[Material for this task Boundary: Start]
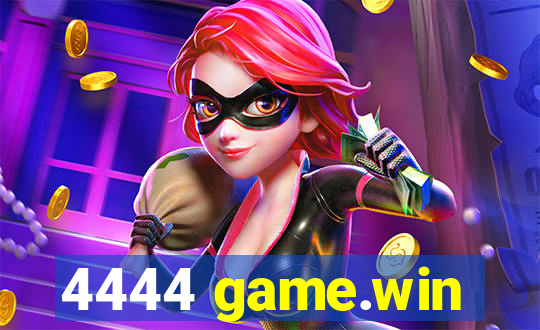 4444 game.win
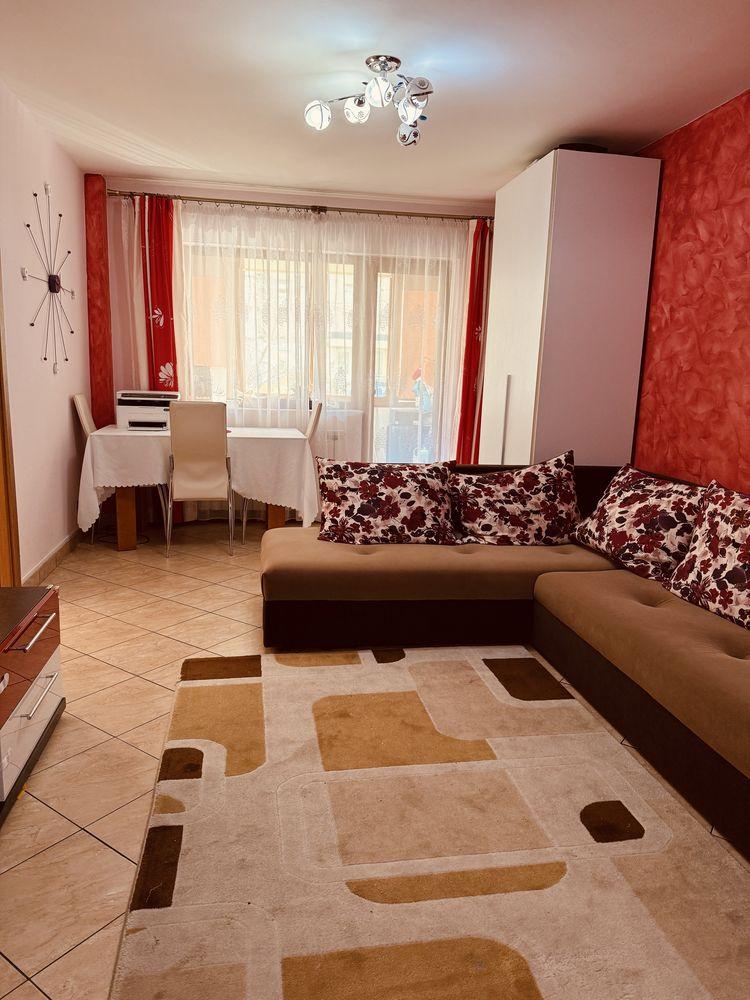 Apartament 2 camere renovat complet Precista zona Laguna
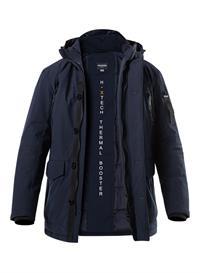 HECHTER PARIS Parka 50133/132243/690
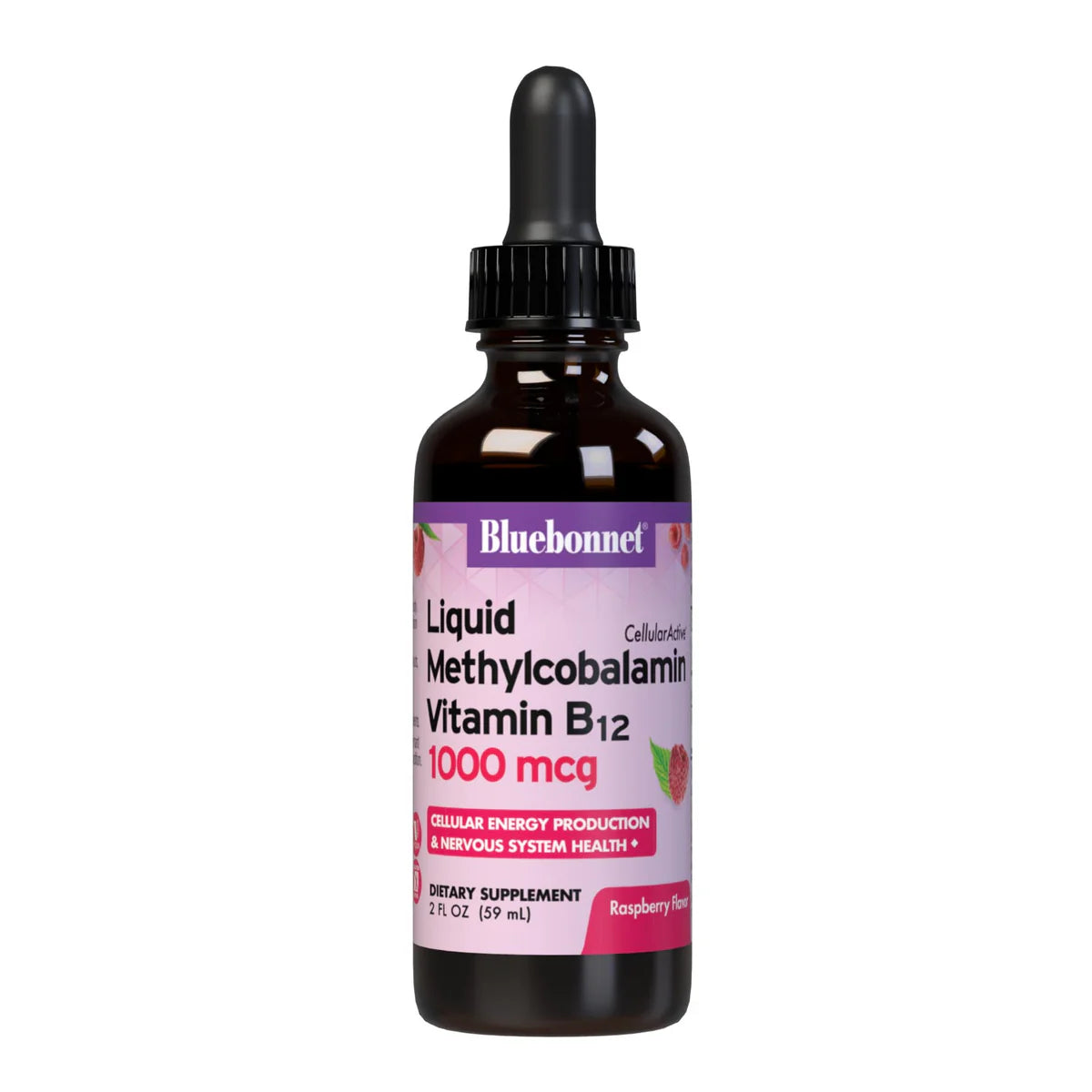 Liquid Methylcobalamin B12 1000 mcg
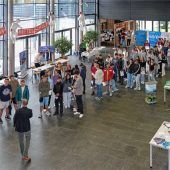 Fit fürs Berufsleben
[Material for this task Boundary: End]
[Material for this task Boundary: Start]
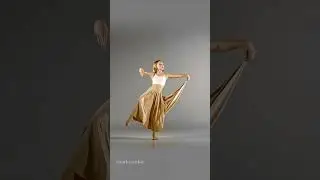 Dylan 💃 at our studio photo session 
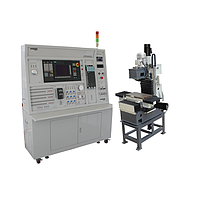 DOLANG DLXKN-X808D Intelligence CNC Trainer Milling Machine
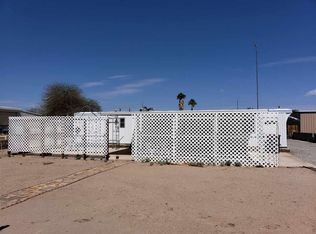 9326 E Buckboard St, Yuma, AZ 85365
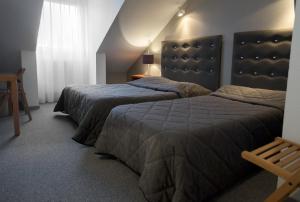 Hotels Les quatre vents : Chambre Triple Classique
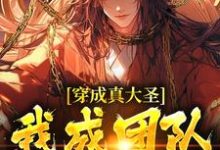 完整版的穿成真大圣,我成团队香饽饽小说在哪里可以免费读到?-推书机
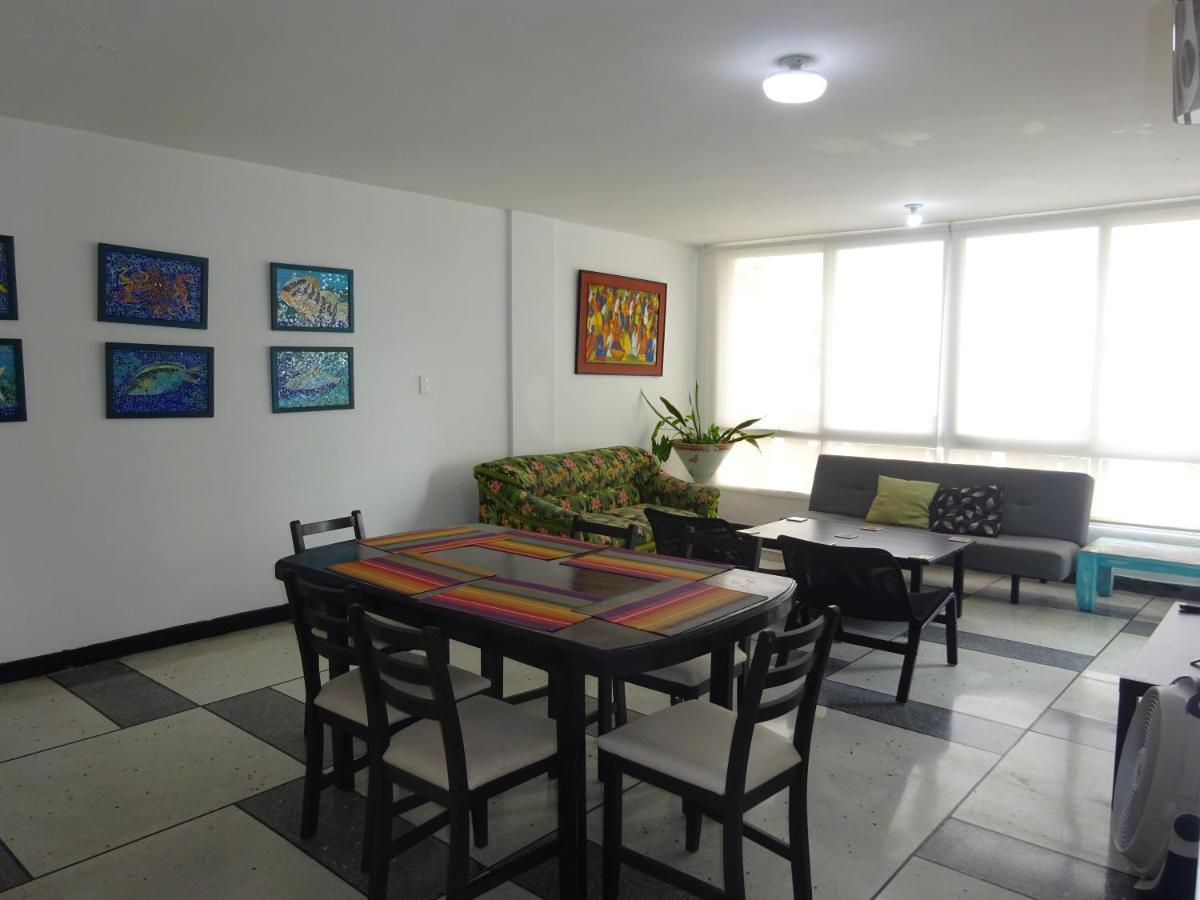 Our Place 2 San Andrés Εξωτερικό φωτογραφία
[Material for this task Boundary: End]
What is required | In the listing above, find the line containing "DOLANG DLXKN-X808D Intelligence" and the line containing "Our Place 2 San Andrés Εξωτερικό φωτογραφία". Print those two lines and every line between them exactly, with no pictures.

Answer for this exercise |
 DOLANG DLXKN-X808D Intelligence CNC Trainer Milling Machine
 9326 E Buckboard St, Yuma, AZ 85365
 Hotels Les quatre vents : Chambre Triple Classique
 完整版的穿成真大圣,我成团队香饽饽小说在哪里可以免费读到?-推书机
 Our Place 2 San Andrés Εξωτερικό φωτογραφία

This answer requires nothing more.